# [Exercise]
Look through the listing below for the line containing "Used BAIC Off-Road". Copy it and each line after it up to and including the line containing "Chloe’s Picks - DESIGNER", exactly, leaving out pictures.

# [Material for this task]
——————————
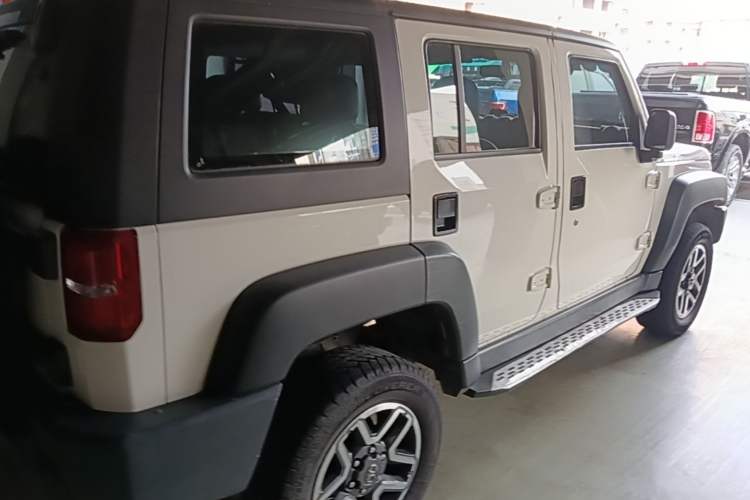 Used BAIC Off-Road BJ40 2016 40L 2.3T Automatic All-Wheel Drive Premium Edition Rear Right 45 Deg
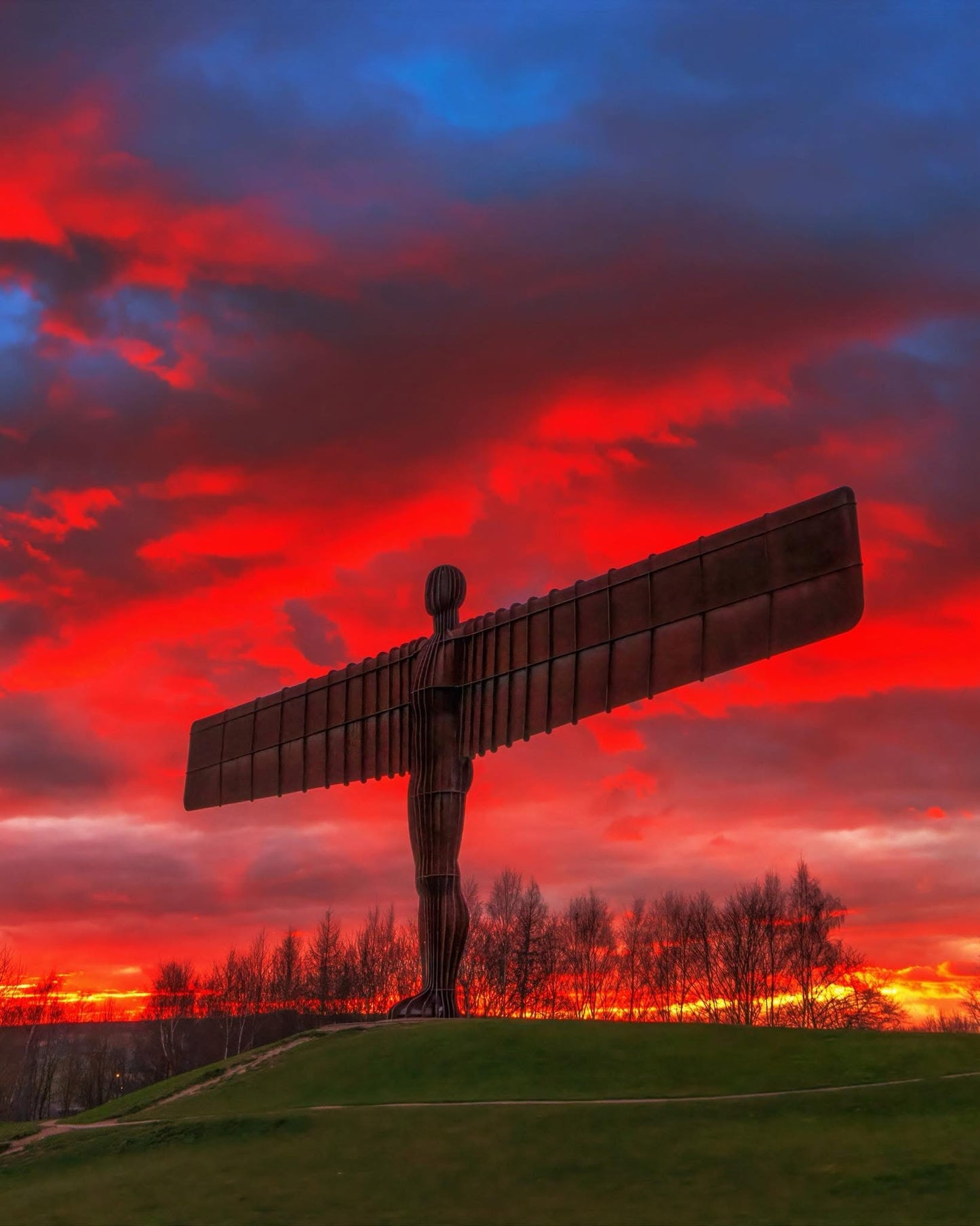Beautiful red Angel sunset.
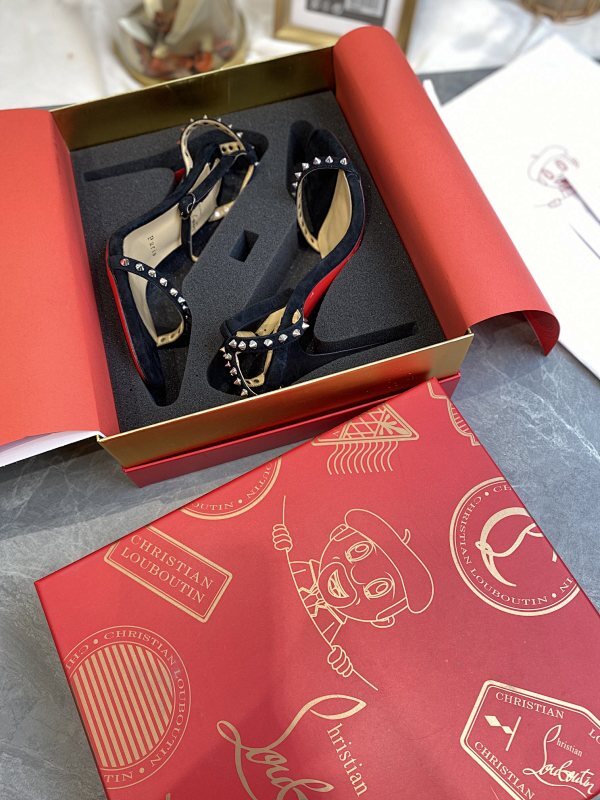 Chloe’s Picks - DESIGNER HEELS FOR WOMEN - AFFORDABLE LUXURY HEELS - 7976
——————————
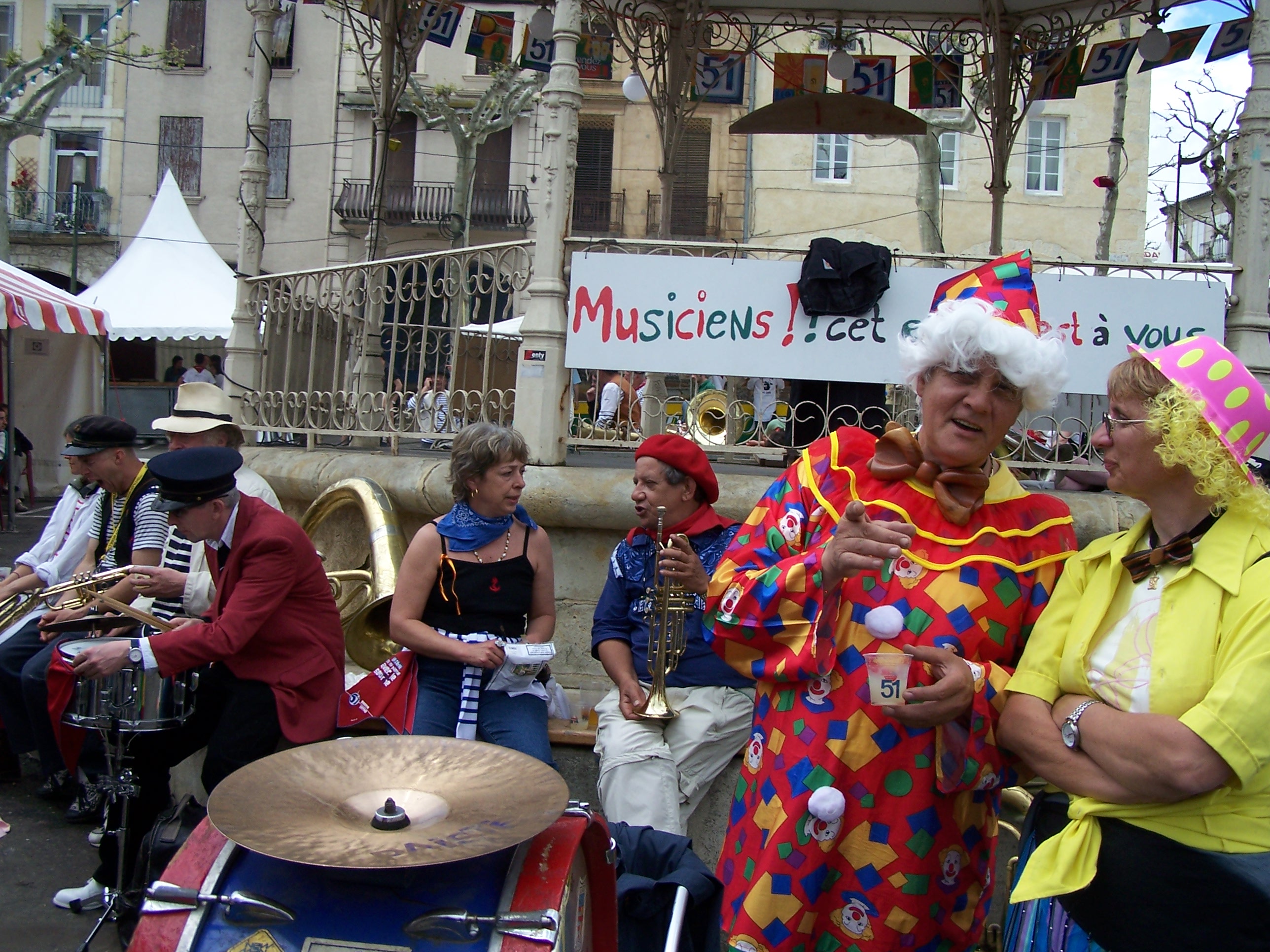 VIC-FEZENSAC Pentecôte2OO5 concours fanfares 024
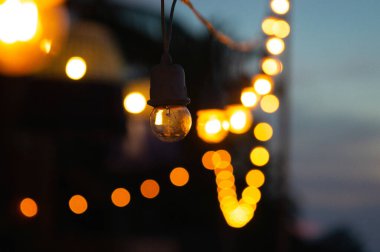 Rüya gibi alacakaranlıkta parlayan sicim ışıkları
——————————
# [Your solution]
 Used BAIC Off-Road BJ40 2016 40L 2.3T Automatic All-Wheel Drive Premium Edition Rear Right 45 Deg
Beautiful red Angel sunset.
 Chloe’s Picks - DESIGNER HEELS FOR WOMEN - AFFORDABLE LUXURY HEELS - 7976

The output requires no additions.